17th November, 2016
Trump’s In, Let It Begin…
Where the people are voting for political estrange,
First Brexit, then Trump,
Next Europe to supply the bump,
Incomes haven’t risen, people aren’t heard,
It was only a matter of time until all this occurred,
It seems there will be a shift, from monetary to fiscal,
Infrastructure, tax cuts and possibly Yellen’s dismissal,
Whatever the policy, it should benefit working people,
With the ultimate aim of making everything more equal,
Will it succeed? No one knows yet,
One things for sure, no future is set.
At one point on 9th November, financial markets were preparing to open 5% lower. Enter “Brexit Playbook 2.0”, as initial panic gave way to increasing optimism. In what was one of the most astounding trading sessions ever, the US market went from -4.4% to 1.4% in the matter of hours. “Oh dear, we could be on the brink of World War 3” went to “mmm, cutting taxes could boost the economy.”
In fact, it is still pretty unclear which version of the new President will turn up on January 20th (that’s when he officially takes office), the brash, authoritarian who was there for most of the campaign trail, or the empathetic and considered fellow who turned up to thank Hillary Clinton on election morning. Given the complexity of the US political system, our first thoughts are that we will see a dumbed down version of the Trump political agenda. The Great Wall of Mexico and the crazy immigration policies will be voted against (even by his own party), with the more mainstream; namely tax cuts and infrastructure spending; forming the focus of the next administration.

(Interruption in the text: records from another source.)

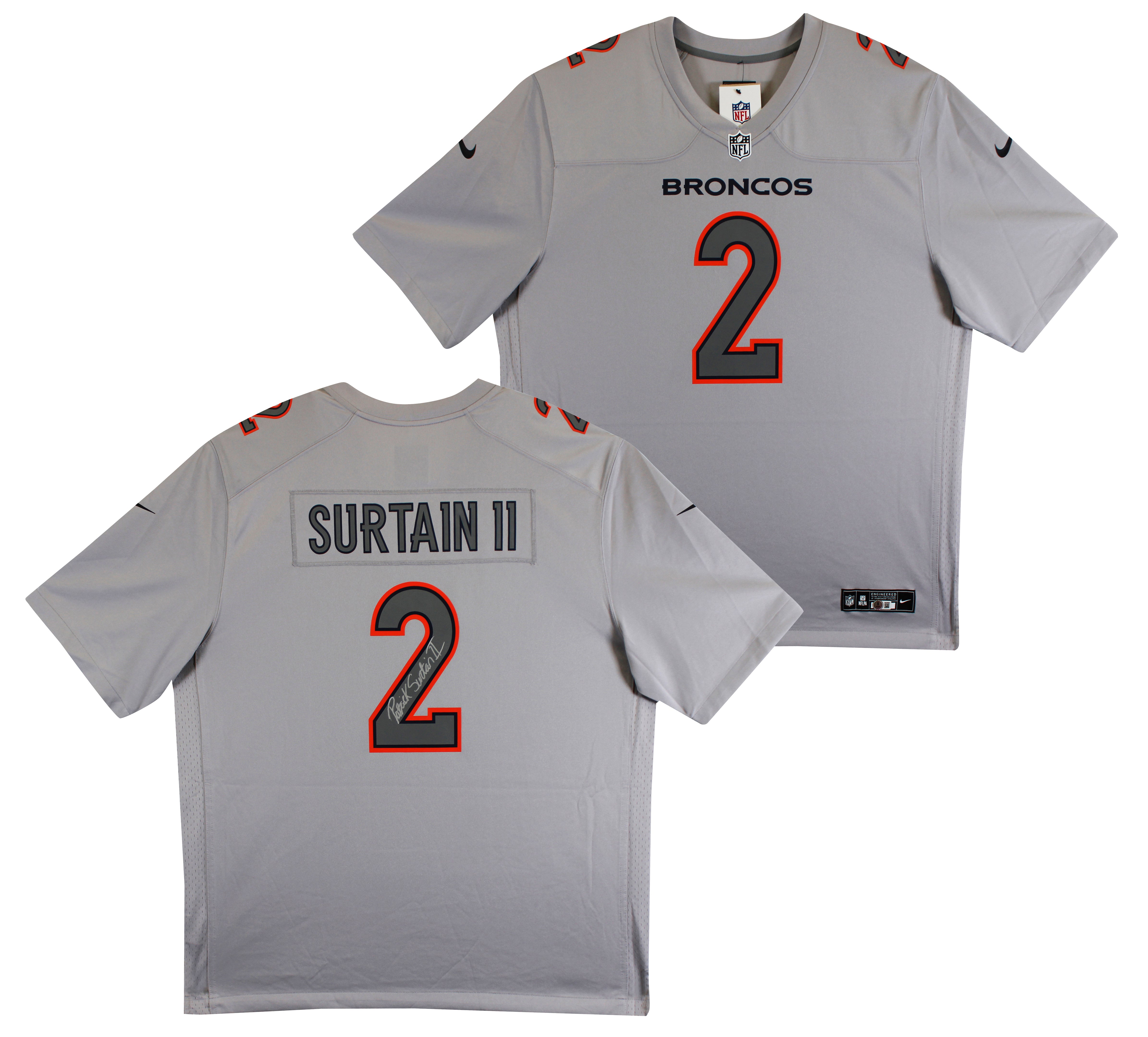 Broncos Patrick Surtain II Signed Gray Nike Game Jersey BAS Witnessed #4W209508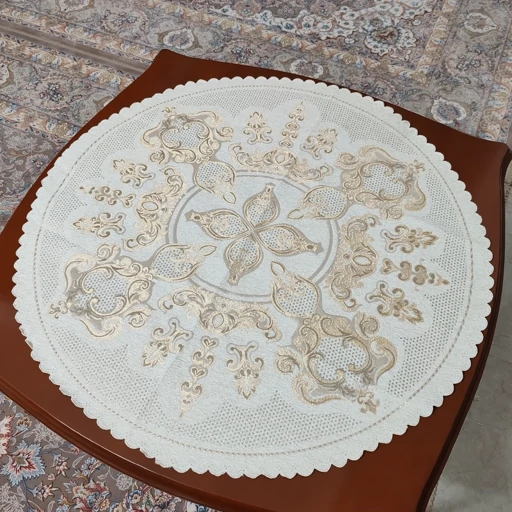 رومیزی گرد مخمل شاین 85 سانتی طرح صحرا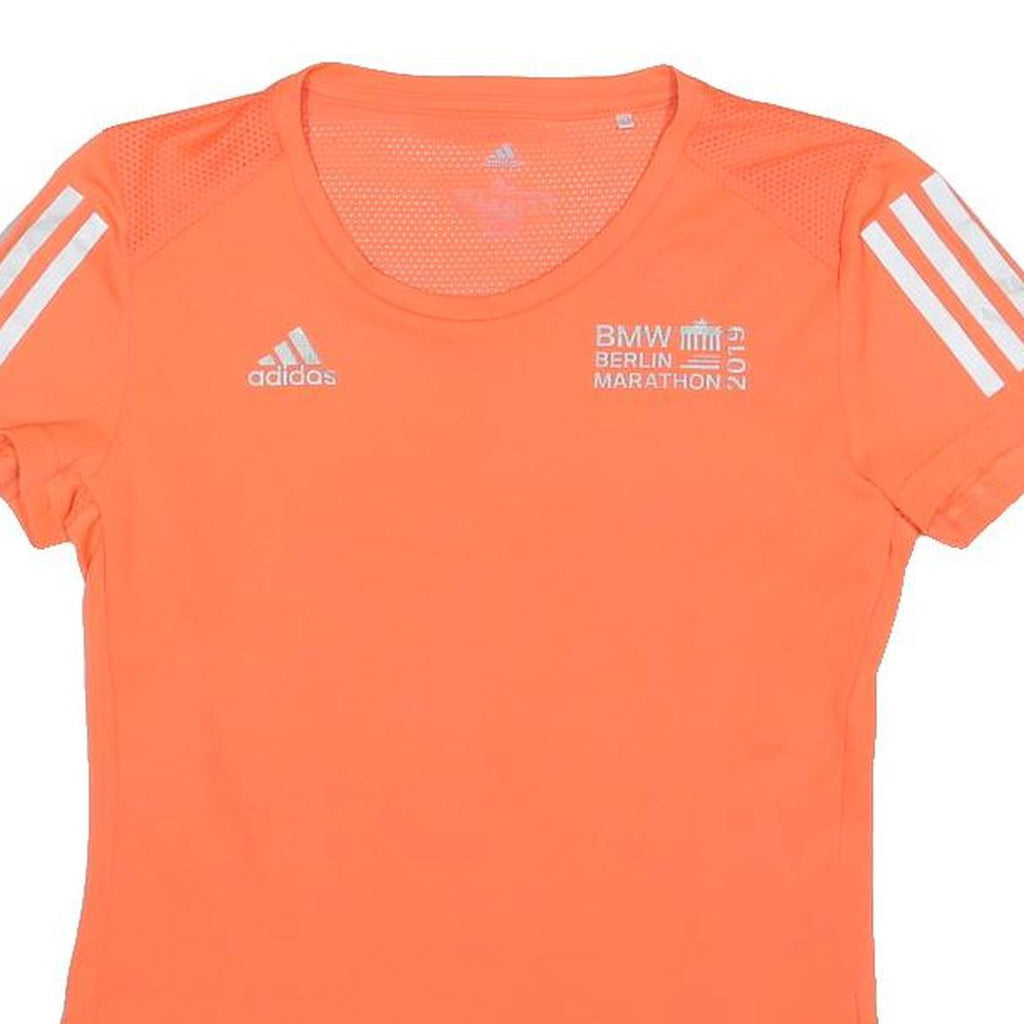 ADIDAS Womens Orange BMW Berlin Marathon 2019 Graphic T-Shirt XS Short Sleeve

Theoretically speaking, these should lead to better economic prospects for the US. Less tax on individuals and businesses “should” stimulate more spending and business investment. However, confidence is a big factor. With the little bit of extra pocket money, people will face the choice of spending more, or paying down their mortgage and credit cards. Given last week’s rioting and the scale of concern across the world, I would say the big man has a long way to go before he instils the confidence needed to get everyone spending.
In addition, Donald has set out quite a protectionist agenda. He would like to scrap or amend some of the US’ key trade deals and impose tariffs on Mexico and China. Neither are good for overseas relations. The potential effects of this type of policy could counter his drive to stimulate internal economic growth, likely creating inflation and further uncertainty instead.
To summarise, no one – including Mr Trump – knows for sure what he will be able to do in the next four years. He has campaigned for revolutionary policy, but the outcome is likely to be a heavily watered-down version of his rhetoric. Economic progress will depend on the trade-off between growth-improving tax cuts and infrastructure spending, and the negative effects of policy uncertainty and poorer foreign relations. A redistribution of wealth and improved equality doesn’t seem a likely outcome either way.
Turning to the portfolios, Trump’s victory has not changed our current investment views. We remain cautious in the short-term, mindful that political events play an increasingly influential role in market sentiment and investor behaviour. There remain plenty of scope for political surprises. Over the next 18 months or so we have an abundance of European events that could tip the balance on the long-term prospects of the Eurozone. This starts with the Italian vote on reform on 4th December, so expect markets to quickly turn their attention to this event next. We will of course keep a very close eye on proceedings, avoiding the risks for now but picking up the subsequent opportunities as and when they are presented.